▸ **Dataset content**
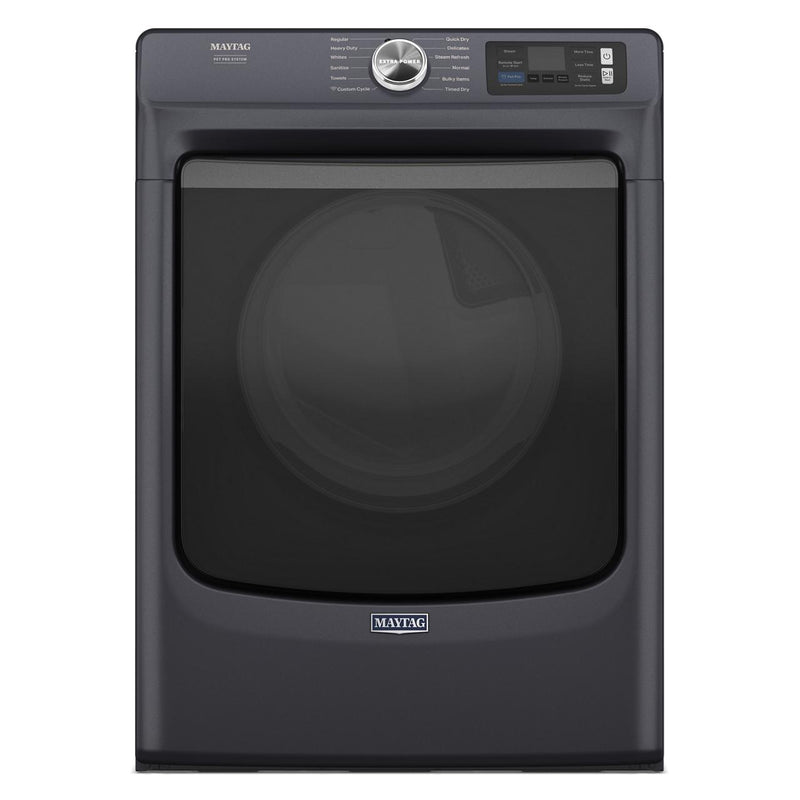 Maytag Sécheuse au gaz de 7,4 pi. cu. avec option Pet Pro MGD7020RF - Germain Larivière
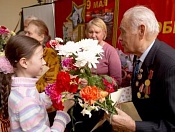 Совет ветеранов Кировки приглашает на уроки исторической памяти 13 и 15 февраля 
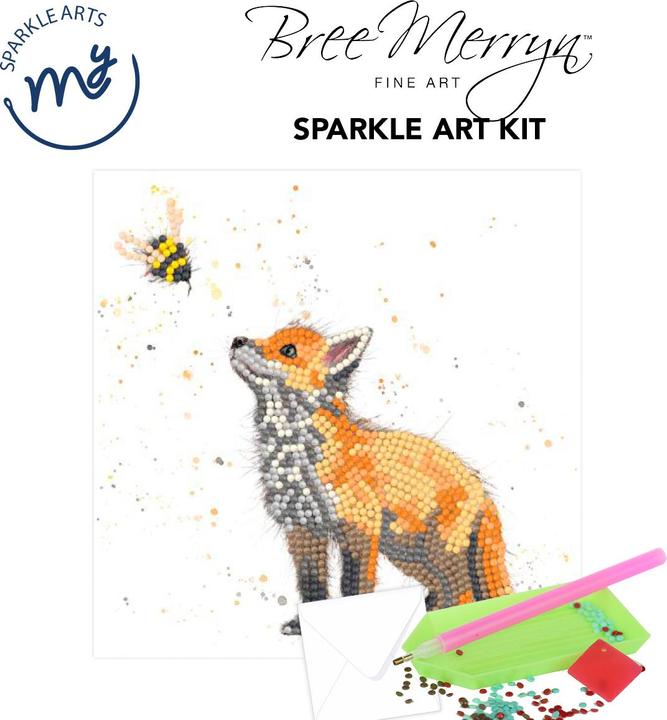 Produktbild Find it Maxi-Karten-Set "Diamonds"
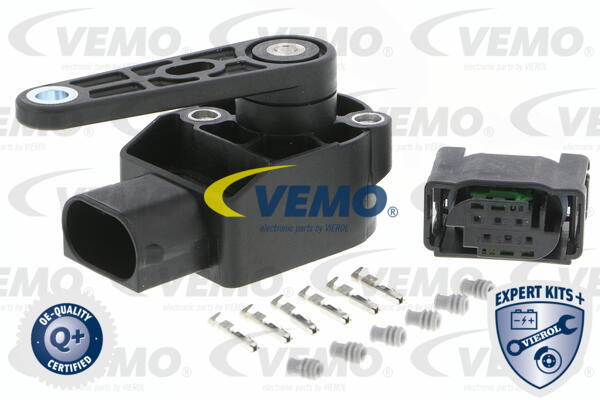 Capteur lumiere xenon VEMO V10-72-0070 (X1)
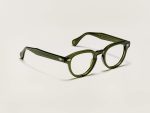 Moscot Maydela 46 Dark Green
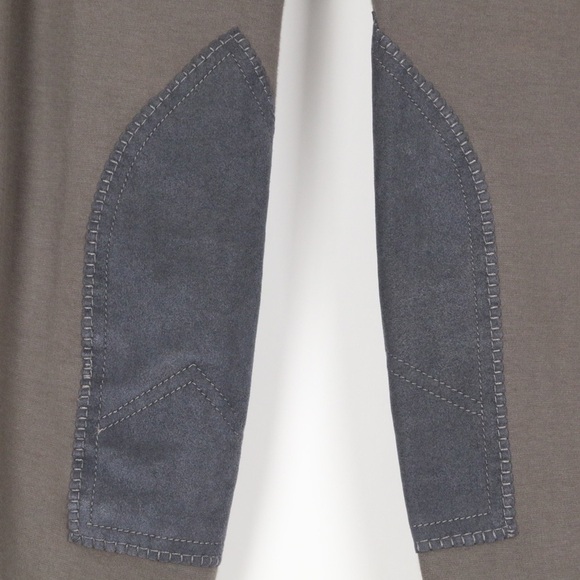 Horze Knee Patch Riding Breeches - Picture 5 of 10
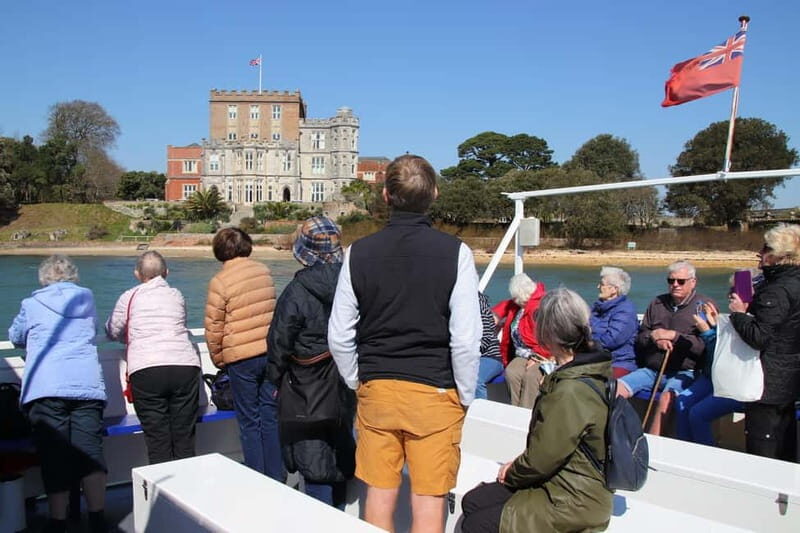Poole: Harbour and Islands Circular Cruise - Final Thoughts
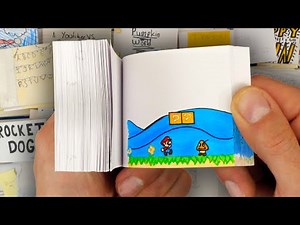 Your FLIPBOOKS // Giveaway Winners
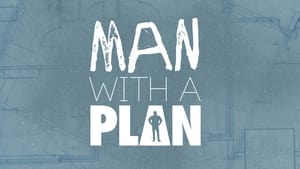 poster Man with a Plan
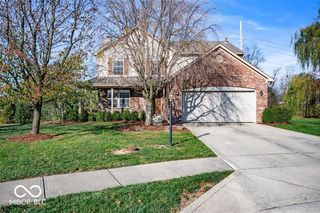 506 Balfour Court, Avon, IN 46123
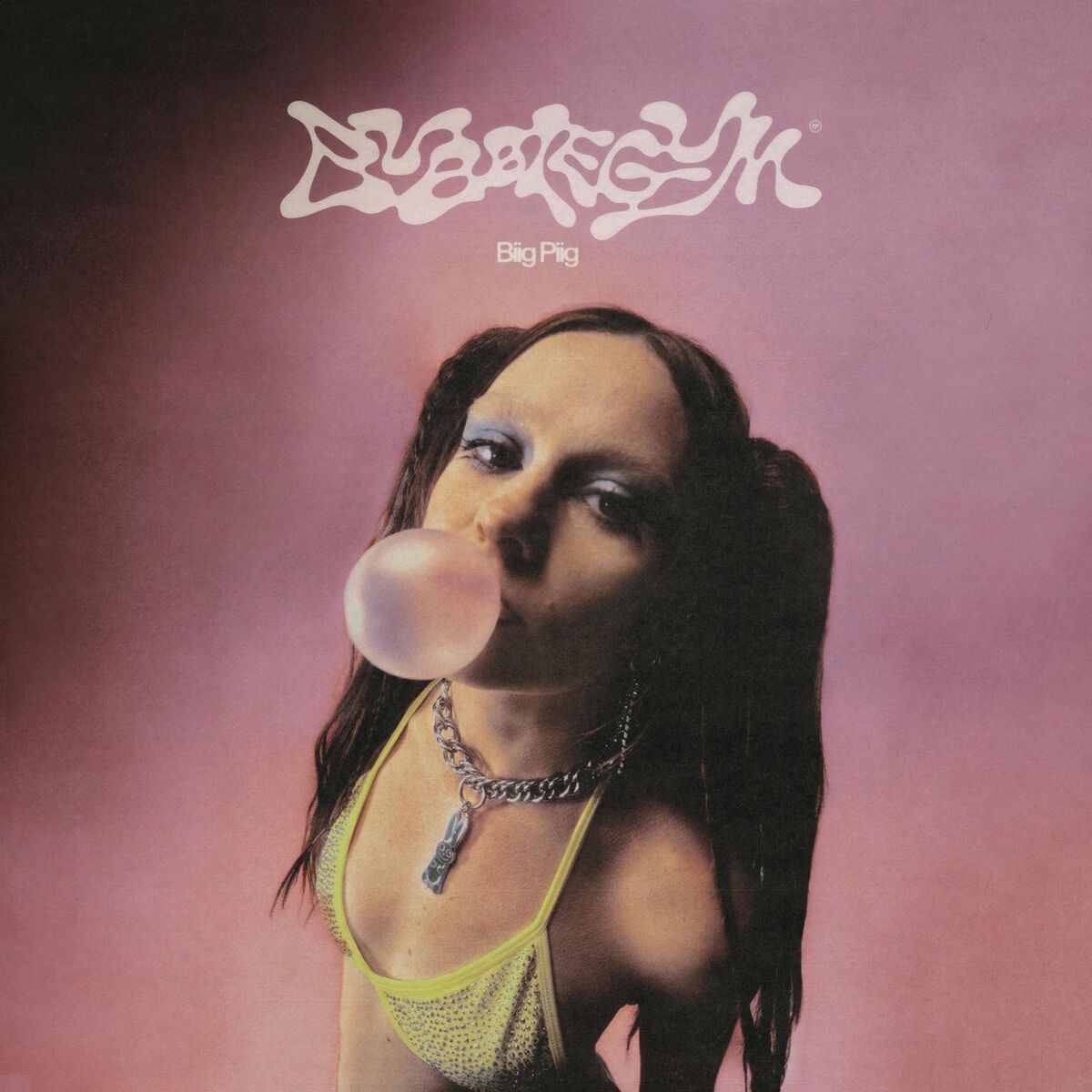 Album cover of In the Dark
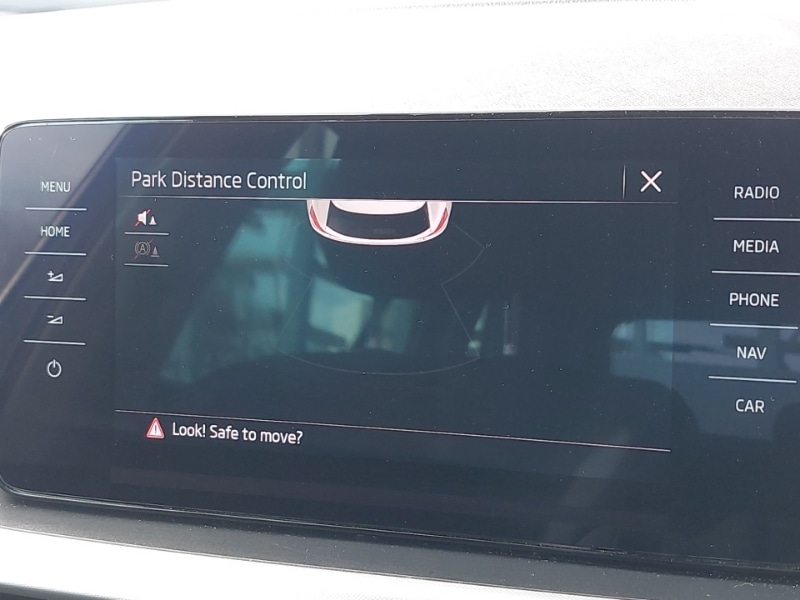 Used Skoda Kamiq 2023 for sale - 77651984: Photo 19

▸ **Action item**
Reproduce the entries above exactly, though not their pictures.

▸ **Worked solution**
 Maytag Sécheuse au gaz de 7,4 pi. cu. avec option Pet Pro MGD7020RF - Germain Larivière
 Совет ветеранов Кировки приглашает на уроки исторической памяти 13 и 15 февраля 
 Produktbild Find it Maxi-Karten-Set "Diamonds"
 Capteur lumiere xenon VEMO V10-72-0070 (X1)
 Moscot Maydela 46 Dark Green
 Horze Knee Patch Riding Breeches - Picture 5 of 10
Poole: Harbour and Islands Circular Cruise - Final Thoughts
 Your FLIPBOOKS // Giveaway Winners
 poster Man with a Plan
 506 Balfour Court, Avon, IN 46123
 Album cover of In the Dark
 Used Skoda Kamiq 2023 for sale - 77651984: Photo 19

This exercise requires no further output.